About this exercise - Find the number of lines in these records where the word "Chevrolet" appears. Reply with that number and nothing more.

Items from a data source

+++

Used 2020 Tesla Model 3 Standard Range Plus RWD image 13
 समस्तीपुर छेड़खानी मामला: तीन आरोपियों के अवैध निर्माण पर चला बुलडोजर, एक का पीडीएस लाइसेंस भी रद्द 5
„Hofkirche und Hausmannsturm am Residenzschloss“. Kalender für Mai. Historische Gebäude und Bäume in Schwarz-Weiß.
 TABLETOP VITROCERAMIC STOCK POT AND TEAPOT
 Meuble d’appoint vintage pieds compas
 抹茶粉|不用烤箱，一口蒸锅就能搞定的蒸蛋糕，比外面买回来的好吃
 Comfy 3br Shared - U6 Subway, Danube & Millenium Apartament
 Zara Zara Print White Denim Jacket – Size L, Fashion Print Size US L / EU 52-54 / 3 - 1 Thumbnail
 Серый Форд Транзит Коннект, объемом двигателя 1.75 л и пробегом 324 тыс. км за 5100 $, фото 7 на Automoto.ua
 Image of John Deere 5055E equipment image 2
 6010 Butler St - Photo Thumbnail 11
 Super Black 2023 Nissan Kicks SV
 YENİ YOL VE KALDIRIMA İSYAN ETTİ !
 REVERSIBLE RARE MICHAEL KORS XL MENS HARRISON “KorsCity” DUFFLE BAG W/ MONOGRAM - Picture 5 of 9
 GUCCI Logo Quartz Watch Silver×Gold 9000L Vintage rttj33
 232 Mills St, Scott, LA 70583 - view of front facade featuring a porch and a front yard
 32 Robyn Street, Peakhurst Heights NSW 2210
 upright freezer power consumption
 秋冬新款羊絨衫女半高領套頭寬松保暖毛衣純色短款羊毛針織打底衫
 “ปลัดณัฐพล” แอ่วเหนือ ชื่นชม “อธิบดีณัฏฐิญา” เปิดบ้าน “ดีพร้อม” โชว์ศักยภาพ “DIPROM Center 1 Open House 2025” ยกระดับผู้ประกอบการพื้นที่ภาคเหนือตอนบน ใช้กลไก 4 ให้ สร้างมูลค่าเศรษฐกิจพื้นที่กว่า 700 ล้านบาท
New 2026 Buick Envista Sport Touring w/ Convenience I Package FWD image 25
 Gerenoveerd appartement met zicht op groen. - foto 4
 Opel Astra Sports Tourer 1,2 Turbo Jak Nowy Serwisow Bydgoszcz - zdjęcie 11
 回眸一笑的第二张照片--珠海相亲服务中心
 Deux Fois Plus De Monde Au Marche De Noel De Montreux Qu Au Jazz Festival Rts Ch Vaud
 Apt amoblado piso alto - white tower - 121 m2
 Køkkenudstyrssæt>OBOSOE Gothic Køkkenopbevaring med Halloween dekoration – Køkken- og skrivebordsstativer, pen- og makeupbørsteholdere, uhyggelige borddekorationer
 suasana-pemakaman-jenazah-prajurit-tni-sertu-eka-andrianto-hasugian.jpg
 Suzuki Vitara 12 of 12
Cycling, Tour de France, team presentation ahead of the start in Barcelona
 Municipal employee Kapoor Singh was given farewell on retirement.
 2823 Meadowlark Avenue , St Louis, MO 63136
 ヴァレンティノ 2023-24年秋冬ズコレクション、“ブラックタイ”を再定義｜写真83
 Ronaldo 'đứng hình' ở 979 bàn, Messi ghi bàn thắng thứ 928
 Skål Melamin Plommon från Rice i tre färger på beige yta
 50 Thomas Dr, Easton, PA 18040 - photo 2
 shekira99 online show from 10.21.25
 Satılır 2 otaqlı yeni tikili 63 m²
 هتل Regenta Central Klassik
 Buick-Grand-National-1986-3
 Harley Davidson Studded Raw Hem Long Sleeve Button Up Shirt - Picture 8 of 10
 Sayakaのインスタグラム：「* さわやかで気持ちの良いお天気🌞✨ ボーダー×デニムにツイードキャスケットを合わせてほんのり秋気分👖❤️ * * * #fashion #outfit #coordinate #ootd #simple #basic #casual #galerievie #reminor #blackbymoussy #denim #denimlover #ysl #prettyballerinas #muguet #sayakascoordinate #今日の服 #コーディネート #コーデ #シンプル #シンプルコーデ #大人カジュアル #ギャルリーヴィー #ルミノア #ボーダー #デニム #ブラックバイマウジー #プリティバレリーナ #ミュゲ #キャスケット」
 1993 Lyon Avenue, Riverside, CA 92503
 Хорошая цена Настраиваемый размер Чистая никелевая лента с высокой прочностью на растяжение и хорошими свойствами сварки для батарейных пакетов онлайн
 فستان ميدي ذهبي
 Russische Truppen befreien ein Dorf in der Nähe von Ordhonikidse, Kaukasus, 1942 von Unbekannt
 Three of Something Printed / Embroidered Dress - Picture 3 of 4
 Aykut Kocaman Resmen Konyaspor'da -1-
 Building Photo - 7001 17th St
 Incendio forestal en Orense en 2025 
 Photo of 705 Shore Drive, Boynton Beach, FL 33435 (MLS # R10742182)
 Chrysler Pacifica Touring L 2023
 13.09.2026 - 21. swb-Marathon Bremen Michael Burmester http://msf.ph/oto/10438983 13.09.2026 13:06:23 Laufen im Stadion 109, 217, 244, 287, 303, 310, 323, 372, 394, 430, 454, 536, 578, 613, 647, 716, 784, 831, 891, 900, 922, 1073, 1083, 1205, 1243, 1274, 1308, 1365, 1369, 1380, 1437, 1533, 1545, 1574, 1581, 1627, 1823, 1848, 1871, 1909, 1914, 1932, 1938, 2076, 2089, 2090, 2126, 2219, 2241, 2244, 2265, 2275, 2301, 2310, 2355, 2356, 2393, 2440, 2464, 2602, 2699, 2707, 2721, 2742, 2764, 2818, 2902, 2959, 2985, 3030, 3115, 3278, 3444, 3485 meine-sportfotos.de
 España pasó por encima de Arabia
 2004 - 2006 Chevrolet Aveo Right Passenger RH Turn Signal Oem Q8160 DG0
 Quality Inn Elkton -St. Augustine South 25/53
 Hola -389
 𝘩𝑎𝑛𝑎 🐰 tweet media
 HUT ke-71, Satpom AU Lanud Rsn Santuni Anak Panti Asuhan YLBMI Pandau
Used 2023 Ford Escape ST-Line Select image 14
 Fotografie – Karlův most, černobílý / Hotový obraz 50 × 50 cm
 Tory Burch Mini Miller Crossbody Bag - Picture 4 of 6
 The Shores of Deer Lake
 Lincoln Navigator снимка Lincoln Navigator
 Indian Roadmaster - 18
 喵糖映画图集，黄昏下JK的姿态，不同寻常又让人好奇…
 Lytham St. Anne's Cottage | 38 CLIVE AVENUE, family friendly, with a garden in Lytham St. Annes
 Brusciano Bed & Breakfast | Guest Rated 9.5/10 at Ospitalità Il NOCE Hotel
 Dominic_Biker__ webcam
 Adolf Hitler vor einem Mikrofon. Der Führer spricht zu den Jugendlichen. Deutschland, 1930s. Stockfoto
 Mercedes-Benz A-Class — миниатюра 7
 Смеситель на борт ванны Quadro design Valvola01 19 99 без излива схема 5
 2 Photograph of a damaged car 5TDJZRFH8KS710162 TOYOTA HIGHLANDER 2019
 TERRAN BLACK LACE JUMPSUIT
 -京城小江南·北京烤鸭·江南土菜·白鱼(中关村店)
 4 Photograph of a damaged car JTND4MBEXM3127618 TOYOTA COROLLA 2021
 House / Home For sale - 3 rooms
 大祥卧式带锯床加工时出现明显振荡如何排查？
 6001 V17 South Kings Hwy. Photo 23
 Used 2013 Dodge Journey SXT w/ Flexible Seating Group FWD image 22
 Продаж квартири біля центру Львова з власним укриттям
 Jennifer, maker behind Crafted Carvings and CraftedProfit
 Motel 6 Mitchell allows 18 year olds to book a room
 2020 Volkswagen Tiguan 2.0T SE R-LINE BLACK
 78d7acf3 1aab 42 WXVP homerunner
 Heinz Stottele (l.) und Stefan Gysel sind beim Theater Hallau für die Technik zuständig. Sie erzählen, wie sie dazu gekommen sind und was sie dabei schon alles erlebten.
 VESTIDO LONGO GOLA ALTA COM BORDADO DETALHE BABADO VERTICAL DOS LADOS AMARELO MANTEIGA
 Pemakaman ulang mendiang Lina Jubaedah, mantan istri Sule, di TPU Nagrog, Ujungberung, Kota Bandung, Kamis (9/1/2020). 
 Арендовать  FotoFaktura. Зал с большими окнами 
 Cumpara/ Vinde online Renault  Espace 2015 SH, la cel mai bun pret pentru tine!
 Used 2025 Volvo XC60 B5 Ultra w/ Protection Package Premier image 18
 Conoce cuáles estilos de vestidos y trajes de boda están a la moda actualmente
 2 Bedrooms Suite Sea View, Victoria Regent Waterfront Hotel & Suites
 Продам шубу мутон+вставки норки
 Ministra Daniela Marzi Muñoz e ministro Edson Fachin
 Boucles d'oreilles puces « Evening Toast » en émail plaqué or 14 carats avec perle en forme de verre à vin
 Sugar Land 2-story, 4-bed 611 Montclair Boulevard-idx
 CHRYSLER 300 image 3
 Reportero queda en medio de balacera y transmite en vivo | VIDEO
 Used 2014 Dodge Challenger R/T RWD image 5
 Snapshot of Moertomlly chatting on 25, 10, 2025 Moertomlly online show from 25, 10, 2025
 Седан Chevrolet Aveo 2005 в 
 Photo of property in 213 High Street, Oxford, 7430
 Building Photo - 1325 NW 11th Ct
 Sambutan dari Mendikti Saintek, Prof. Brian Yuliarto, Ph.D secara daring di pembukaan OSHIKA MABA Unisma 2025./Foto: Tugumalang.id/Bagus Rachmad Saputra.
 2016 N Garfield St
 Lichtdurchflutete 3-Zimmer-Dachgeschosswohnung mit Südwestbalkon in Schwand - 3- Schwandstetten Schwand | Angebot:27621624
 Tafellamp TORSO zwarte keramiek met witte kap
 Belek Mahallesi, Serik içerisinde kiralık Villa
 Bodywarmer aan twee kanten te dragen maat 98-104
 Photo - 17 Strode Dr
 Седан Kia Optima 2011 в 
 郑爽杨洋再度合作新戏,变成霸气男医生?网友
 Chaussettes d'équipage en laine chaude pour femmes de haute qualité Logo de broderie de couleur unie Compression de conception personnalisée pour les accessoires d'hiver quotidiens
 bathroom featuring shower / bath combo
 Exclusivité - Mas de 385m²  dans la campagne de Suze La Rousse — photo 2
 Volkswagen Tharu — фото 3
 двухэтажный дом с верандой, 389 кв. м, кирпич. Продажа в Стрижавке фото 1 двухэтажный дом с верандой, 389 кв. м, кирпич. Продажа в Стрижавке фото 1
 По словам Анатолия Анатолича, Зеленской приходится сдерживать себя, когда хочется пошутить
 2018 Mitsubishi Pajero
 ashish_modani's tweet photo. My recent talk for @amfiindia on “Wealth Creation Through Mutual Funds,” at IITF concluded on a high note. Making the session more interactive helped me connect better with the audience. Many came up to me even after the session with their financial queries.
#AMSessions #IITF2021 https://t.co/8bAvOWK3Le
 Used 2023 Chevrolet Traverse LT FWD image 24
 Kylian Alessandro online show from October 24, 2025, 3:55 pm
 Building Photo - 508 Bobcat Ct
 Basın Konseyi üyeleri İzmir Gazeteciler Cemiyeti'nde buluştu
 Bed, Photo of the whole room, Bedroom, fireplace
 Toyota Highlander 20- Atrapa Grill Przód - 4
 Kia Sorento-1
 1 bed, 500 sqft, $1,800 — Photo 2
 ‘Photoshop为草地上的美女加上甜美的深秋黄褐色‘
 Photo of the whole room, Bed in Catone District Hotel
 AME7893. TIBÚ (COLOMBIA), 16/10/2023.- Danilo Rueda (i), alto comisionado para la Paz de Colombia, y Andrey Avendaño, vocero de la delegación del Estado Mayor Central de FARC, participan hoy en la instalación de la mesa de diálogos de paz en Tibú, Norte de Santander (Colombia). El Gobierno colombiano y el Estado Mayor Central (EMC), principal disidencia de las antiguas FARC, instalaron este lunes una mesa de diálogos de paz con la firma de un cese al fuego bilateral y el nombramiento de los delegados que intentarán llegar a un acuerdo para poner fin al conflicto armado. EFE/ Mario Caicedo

+++

The answer - 3